Gli aspetti positivi sono proprio pochi: si salvano solo le figure dei bambini, creature vicine a Dio e agli angeli (“Il bambinello mio quando nacque / il papa a Roma la messa cantò”), mentre fra le attività sono apprezzate la religione del lavoro per l’uomo e le buone regole dell’economia domestica per le donne (“risparmia la farina quando la madia è piena”).
A parte queste eccezioni, i proverbi, ispirati alla speranza, alla progettazione del futuro, a prospettive di cambiamento, sono davvero pochi. Vogliamo però cercare nella massa dei proverbi anche una nota diversa, positiva: un po’ di luce in fondo al tunnel. In fondo, il mondo dei proverbi è una realtà complessa, che riflette le mille sfaccettature del mondo reale: e nella complessità c’è anche la luce della speranza.
“L’acqua vave a la pinnenza / L’amore, a lla speranza”. È inevitabile che l’acqua scorra seguendo la pendenza del terreno; allo stesso modo, per un’inesorabile legge fisica, l’amore insegue la speranza. Eccola, la speranza. È trainata dall’amore. Forse sono questi i motori di un possibile cambiamento, le fioche luci che aspettavamo di intravedere. L’acqua che scorre sempre nello stesso fiume ma non è mai uguale a se stessa, è il simbolo della vita che scorre ma è – o può essere – sempre diversa: tutto scorre, “tutto va, tutto viene, niente si mantiene eguale”. E l’amore è come l’acqua: corre e corre in una direzione ben precisa, ma diversamente dall’acqua ha un obiettivo finale: la speranza.

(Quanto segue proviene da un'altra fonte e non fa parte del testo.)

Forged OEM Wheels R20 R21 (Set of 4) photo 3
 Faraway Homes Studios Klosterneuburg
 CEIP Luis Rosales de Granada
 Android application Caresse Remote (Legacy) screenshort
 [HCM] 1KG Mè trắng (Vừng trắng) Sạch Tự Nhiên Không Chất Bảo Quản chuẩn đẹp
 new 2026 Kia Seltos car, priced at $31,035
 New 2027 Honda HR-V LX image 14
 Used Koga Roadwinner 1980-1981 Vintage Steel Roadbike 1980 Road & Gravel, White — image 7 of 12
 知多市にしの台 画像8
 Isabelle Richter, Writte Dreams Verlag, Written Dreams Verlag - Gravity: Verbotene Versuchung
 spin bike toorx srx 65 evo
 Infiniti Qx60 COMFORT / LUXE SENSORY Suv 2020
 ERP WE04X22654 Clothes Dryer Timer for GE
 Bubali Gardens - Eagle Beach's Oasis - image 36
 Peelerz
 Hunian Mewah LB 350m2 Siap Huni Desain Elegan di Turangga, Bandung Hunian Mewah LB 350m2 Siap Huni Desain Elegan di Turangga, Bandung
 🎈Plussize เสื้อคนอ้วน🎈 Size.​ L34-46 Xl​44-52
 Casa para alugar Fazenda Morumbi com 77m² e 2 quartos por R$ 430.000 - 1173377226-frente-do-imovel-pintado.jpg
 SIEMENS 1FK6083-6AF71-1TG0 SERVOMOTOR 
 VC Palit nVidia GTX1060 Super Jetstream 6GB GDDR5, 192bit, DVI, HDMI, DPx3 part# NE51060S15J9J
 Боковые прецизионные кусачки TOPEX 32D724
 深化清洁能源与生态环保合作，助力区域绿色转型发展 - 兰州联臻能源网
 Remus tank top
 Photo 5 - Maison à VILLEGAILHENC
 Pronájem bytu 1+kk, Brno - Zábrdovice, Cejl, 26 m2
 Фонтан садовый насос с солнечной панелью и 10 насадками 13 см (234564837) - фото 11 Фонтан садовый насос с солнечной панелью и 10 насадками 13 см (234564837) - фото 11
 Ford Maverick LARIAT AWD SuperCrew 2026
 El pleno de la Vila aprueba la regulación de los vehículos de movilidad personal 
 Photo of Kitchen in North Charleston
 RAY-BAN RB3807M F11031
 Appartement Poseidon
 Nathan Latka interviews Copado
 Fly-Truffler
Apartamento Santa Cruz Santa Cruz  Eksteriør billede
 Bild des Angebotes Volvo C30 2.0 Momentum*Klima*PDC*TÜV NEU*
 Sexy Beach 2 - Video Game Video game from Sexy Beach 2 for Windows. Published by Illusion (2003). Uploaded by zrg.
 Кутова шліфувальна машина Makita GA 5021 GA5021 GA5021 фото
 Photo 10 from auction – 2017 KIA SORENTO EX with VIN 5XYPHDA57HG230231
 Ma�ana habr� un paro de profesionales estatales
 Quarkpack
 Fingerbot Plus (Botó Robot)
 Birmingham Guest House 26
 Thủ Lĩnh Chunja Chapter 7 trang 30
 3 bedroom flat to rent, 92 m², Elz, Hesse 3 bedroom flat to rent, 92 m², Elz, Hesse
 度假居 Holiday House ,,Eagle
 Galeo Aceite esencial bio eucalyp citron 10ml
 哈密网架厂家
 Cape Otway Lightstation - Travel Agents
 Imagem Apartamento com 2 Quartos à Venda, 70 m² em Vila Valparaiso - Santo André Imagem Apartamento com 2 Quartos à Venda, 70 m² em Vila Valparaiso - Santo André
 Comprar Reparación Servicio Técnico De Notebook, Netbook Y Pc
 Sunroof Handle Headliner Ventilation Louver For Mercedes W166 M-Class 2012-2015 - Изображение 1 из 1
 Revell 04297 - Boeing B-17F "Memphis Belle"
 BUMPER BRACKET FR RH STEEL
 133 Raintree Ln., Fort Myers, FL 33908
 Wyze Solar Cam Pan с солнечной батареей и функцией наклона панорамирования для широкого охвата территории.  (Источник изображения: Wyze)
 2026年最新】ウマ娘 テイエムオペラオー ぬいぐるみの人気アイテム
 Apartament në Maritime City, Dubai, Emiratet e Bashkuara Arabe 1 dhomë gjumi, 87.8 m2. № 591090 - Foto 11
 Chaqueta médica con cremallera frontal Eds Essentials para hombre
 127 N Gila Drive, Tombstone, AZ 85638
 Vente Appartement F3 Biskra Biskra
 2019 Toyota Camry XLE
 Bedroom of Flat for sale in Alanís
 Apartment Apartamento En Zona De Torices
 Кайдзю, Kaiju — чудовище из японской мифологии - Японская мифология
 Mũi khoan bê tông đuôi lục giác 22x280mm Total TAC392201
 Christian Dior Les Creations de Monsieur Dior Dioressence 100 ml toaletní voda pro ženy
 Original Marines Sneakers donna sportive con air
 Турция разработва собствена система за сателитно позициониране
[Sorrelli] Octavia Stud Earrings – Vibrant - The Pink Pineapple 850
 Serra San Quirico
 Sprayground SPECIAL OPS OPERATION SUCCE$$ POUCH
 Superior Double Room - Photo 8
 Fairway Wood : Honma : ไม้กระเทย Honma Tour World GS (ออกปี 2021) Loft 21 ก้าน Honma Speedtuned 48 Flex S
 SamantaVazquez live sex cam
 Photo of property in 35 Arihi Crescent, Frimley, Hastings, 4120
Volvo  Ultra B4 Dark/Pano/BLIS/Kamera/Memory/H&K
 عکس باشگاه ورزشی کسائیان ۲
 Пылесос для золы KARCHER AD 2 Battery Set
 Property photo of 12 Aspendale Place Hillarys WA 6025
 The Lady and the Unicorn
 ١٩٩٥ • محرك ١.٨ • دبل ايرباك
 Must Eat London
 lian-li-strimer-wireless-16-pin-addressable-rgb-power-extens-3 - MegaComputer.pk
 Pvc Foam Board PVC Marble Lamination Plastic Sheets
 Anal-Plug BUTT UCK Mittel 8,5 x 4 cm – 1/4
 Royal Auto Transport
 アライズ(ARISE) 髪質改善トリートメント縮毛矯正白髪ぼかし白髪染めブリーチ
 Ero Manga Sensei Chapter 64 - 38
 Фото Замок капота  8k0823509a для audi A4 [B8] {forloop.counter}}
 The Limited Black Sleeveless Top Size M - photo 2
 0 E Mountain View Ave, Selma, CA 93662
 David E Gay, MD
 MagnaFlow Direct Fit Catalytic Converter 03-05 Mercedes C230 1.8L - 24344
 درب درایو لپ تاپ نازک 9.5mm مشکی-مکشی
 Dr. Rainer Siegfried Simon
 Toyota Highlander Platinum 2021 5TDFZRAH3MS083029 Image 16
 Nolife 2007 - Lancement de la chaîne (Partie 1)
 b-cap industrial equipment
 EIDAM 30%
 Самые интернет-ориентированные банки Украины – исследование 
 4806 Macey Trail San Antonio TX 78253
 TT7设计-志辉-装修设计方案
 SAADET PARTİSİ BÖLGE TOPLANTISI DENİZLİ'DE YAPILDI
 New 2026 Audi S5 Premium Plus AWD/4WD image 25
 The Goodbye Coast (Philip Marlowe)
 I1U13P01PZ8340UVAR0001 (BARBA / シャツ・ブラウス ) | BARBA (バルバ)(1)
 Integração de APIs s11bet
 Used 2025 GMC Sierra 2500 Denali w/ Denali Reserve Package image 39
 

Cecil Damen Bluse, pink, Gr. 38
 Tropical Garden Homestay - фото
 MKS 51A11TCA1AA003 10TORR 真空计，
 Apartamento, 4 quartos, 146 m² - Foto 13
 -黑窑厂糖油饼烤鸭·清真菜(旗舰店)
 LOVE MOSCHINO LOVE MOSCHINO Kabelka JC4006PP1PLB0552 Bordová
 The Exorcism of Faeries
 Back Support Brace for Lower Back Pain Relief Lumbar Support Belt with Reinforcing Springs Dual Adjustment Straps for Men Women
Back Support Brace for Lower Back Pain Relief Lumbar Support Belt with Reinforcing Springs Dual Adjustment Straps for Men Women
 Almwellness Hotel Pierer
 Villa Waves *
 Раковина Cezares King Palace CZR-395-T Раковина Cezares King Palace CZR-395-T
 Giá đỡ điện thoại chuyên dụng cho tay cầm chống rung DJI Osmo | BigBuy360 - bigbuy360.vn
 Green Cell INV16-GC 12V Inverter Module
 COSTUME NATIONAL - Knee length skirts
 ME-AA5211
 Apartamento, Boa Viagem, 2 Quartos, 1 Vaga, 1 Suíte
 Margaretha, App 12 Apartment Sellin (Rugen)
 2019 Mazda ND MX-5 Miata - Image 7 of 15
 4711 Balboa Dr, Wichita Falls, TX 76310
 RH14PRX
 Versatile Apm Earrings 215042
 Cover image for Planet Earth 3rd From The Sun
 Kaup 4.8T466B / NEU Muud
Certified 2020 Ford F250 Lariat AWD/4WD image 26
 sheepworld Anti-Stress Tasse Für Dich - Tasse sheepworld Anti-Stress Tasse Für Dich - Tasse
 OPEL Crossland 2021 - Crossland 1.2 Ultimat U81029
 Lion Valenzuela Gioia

Tradotto in termini di vita quotidiana: l’innamorato ha in sé il grande impulso della speranza; e non ci rinuncia, neanche se l’acqua – buttata a secchiate dalla sua bella al verone, sdegnosa e sdegnata – scende su di lui, come l’inesorabile legge della massima pendenza le impone di fare. L’amore-speranza è più forte della forza di gravità. È l’antimateria invisibile ma formidabile capace di trasformare radicalmente – e positivamente – il disperato mondo dei proverbi.